── GIVEN DATA

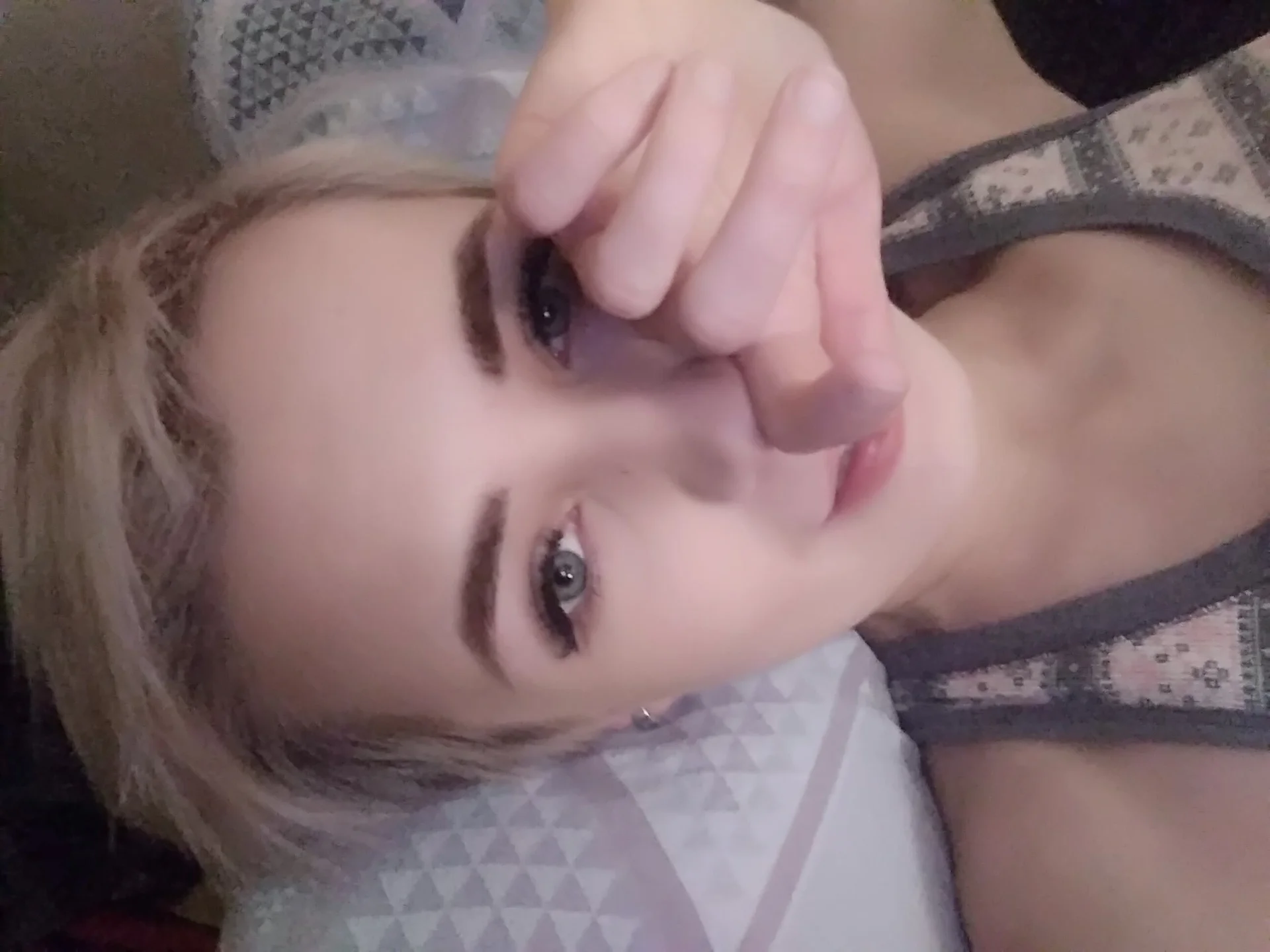 XXX Porn Photo of Nude bananya_kitty 6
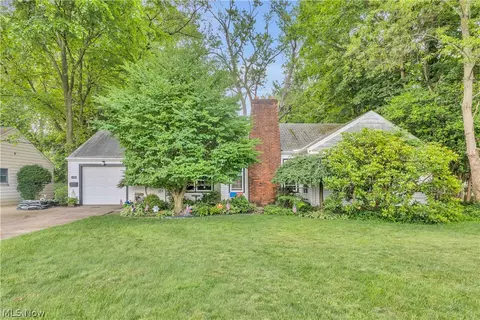 21757 Mastick Rd, Fairview Park, OH 44126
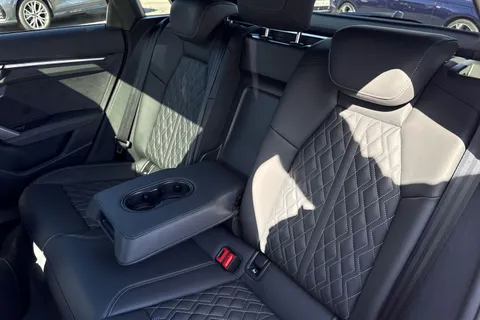  Audi S3 2.0 TFSI Black Edition Sportback S Tronic quattro Euro 6 (s/s) 5dr Thumbnail #19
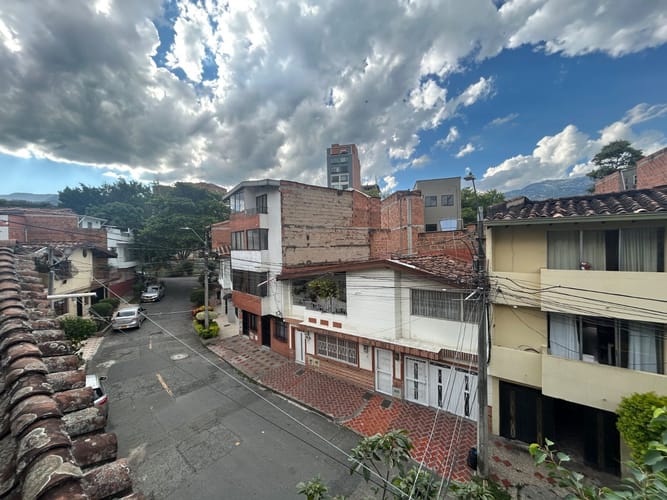 Casa de 4 alcobas en arriendo en Los Pinos, Medellín, 80 m² · foto 14 de 14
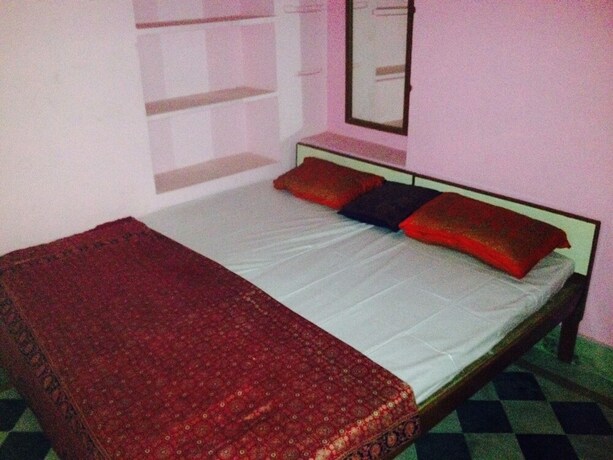 Imagen de la habitación del Hotel Arya Haveli. Foto 6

────

▸ **WORK INSTRUCTIONS**
Take the lines from the one containing "21757 Mastick Rd, Fairview Park, OH 44126" through the last line of the listing and repeat them exactly. Omit the pictures.

▸ **ANSWER BOX**
 21757 Mastick Rd, Fairview Park, OH 44126
  Audi S3 2.0 TFSI Black Edition Sportback S Tronic quattro Euro 6 (s/s) 5dr Thumbnail #19
 Casa de 4 alcobas en arriendo en Los Pinos, Medellín, 80 m² · foto 14 de 14
 Imagen de la habitación del Hotel Arya Haveli. Foto 6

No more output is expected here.